**Provided data**
--- START ---

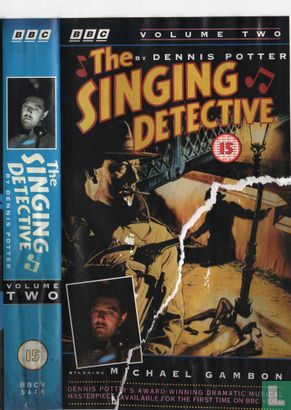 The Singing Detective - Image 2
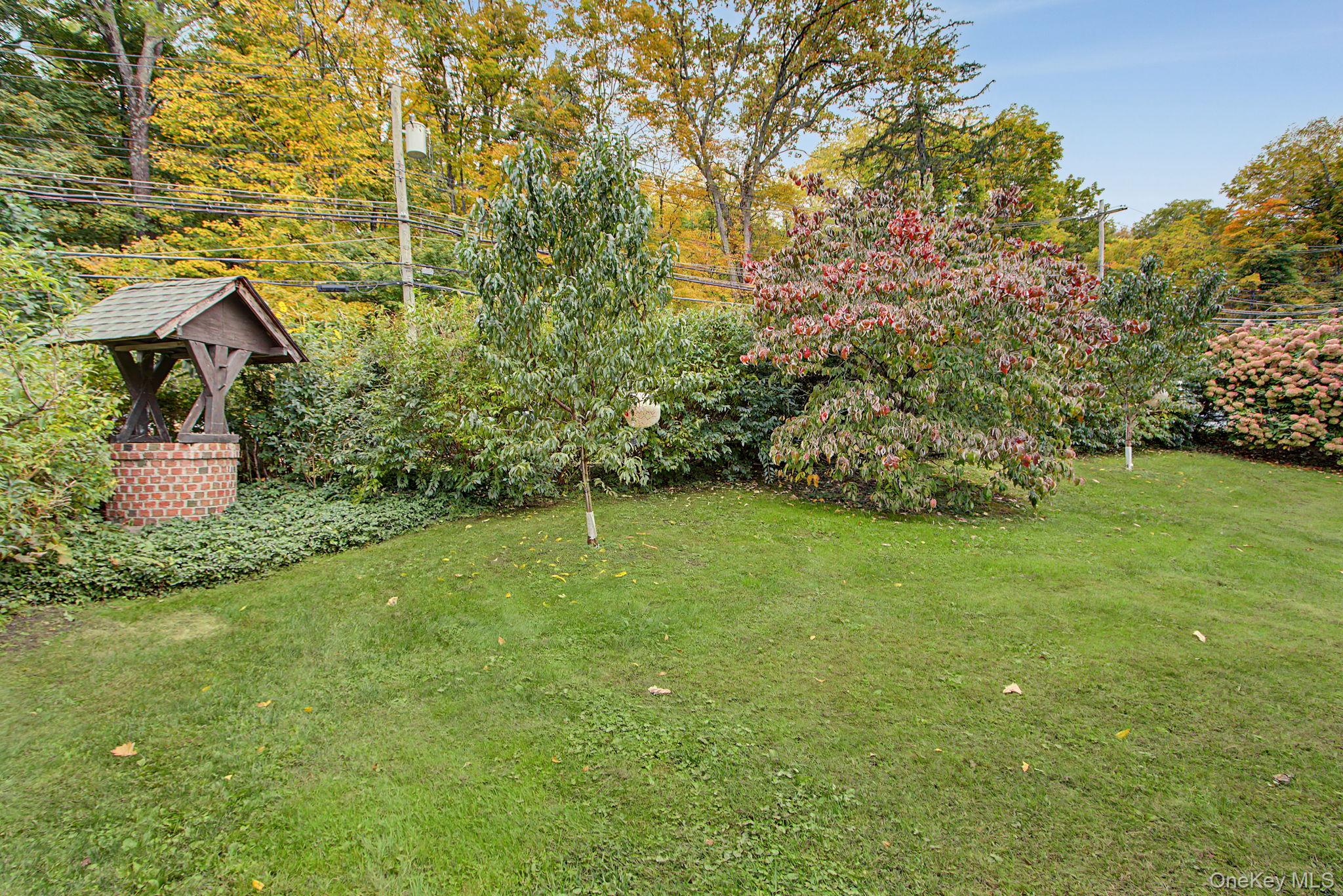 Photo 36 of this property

--- END ---
--- START ---

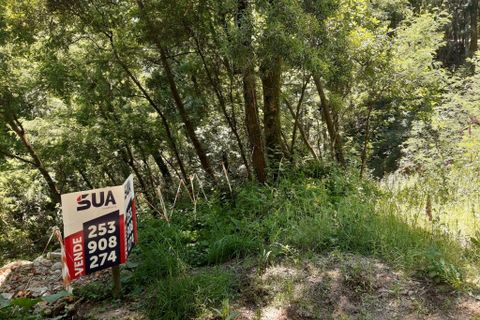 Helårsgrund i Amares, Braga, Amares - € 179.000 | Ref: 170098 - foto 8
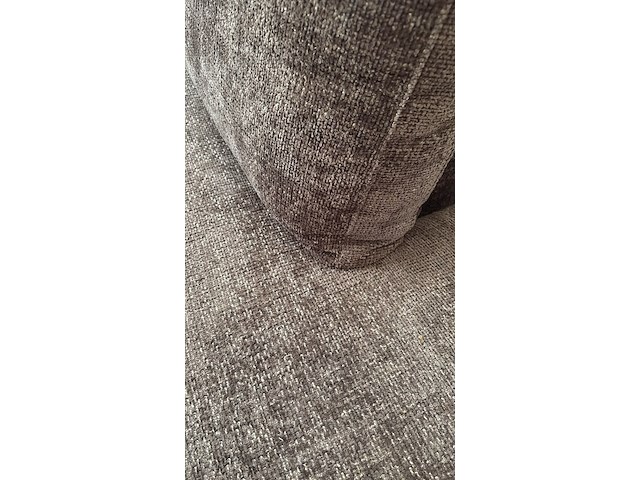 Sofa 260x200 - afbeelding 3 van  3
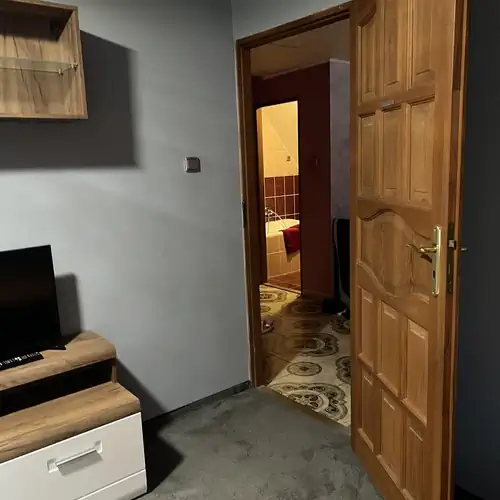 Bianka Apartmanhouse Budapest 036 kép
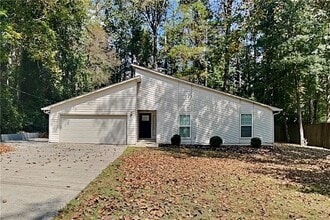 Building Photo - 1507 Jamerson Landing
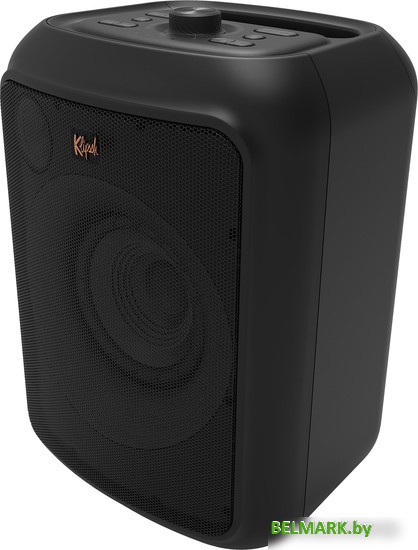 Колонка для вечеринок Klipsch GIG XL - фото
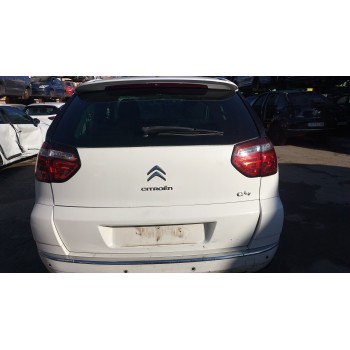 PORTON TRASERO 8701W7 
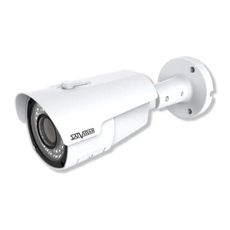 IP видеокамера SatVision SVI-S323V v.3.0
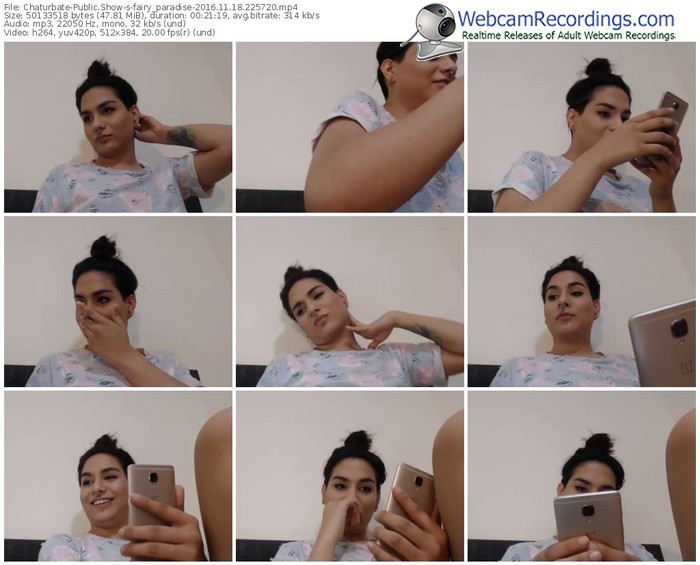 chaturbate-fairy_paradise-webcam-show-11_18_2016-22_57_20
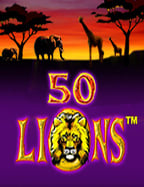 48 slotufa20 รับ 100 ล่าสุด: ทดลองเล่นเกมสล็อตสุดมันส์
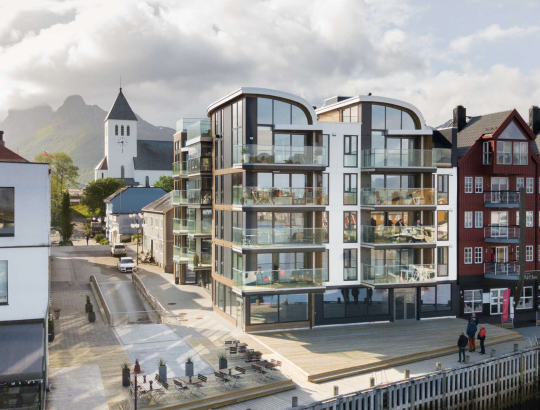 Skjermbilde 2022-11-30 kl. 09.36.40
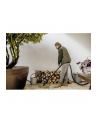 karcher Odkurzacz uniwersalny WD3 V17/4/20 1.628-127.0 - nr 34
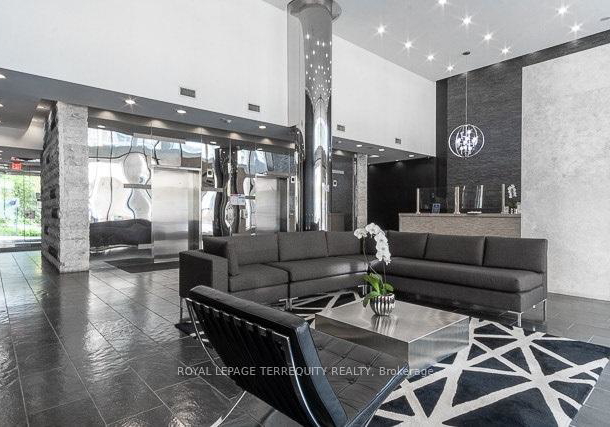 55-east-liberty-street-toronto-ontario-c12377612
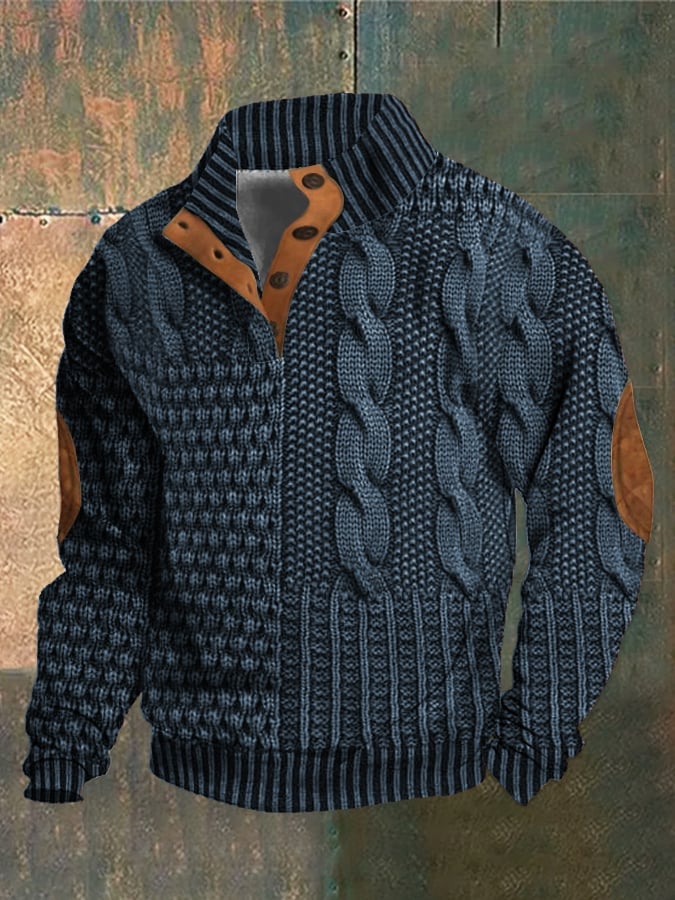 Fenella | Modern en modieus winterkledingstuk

--- END ---
--- START ---

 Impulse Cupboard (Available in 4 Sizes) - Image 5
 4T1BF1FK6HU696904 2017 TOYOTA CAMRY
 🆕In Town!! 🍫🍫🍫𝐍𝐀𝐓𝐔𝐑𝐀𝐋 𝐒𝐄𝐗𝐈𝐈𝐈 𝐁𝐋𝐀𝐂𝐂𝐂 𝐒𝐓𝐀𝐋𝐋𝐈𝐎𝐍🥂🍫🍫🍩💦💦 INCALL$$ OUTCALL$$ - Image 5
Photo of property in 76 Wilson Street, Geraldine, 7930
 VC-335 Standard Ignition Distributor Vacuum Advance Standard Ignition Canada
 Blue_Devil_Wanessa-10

--- END ---

Here the job is to copy the stretch of records from the line containing "PORTON TRASERO 8701W7" through the line containing "Fenella | Modern", word for word. Leave every picture out.

 PORTON TRASERO 8701W7 
 IP видеокамера SatVision SVI-S323V v.3.0
 chaturbate-fairy_paradise-webcam-show-11_18_2016-22_57_20
 48 slotufa20 รับ 100 ล่าสุด: ทดลองเล่นเกมสล็อตสุดมันส์
 Skjermbilde 2022-11-30 kl. 09.36.40
 karcher Odkurzacz uniwersalny WD3 V17/4/20 1.628-127.0 - nr 34
 55-east-liberty-street-toronto-ontario-c12377612
 Fenella | Modern en modieus winterkledingstuk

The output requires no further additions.